Skip the pictures, please, and write out exactly every line from the one containing "79% of online" through the end of the listing below.

▸ Source data:
──────────

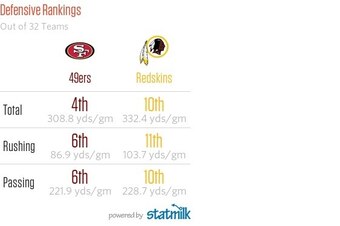 San Francisco's defense stands well above that of Washington.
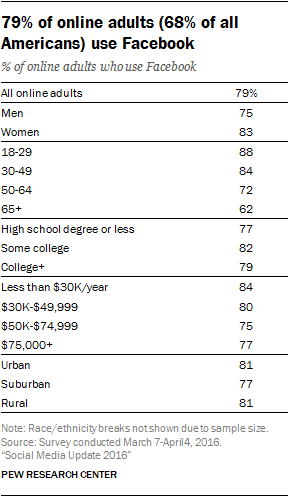 79% of online adults (68% of all Americans) use Facebook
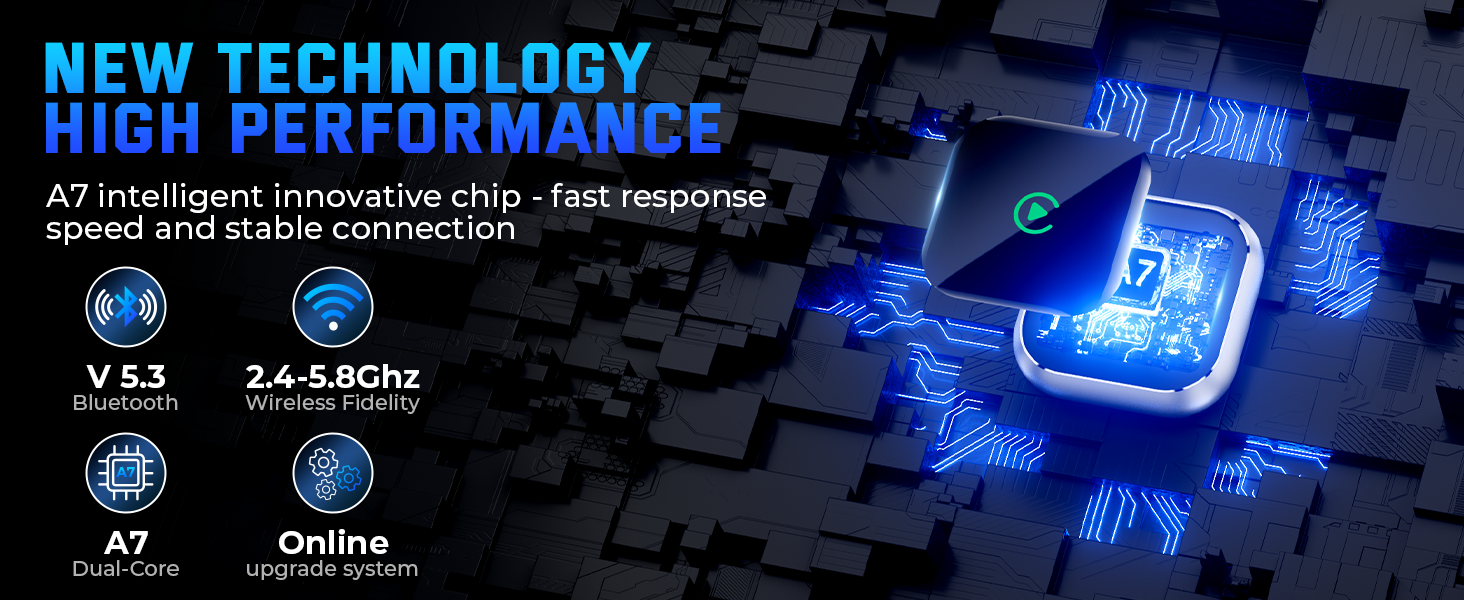 Text reads: 'NEW TECHNOLOGY' and 'HIGH PERFORMANCE'. Dark keyboard or tech background with blue LED lighting effects and circuit board imagery.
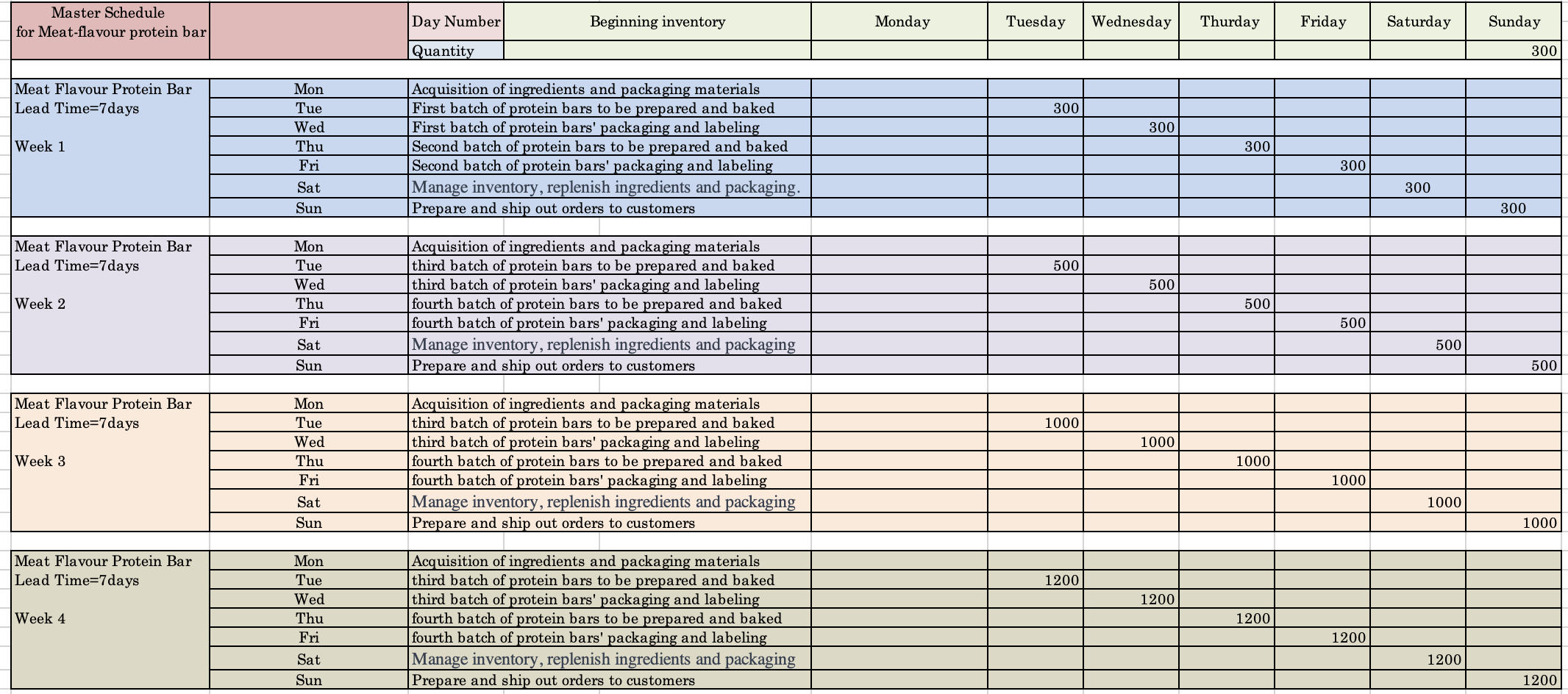 Explain the LotForLot (L4L) Ordering Material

──────────

▸ Problem solution:
 79% of online adults (68% of all Americans) use Facebook
 Text reads: 'NEW TECHNOLOGY' and 'HIGH PERFORMANCE'. Dark keyboard or tech background with blue LED lighting effects and circuit board imagery.
 Explain the LotForLot (L4L) Ordering Material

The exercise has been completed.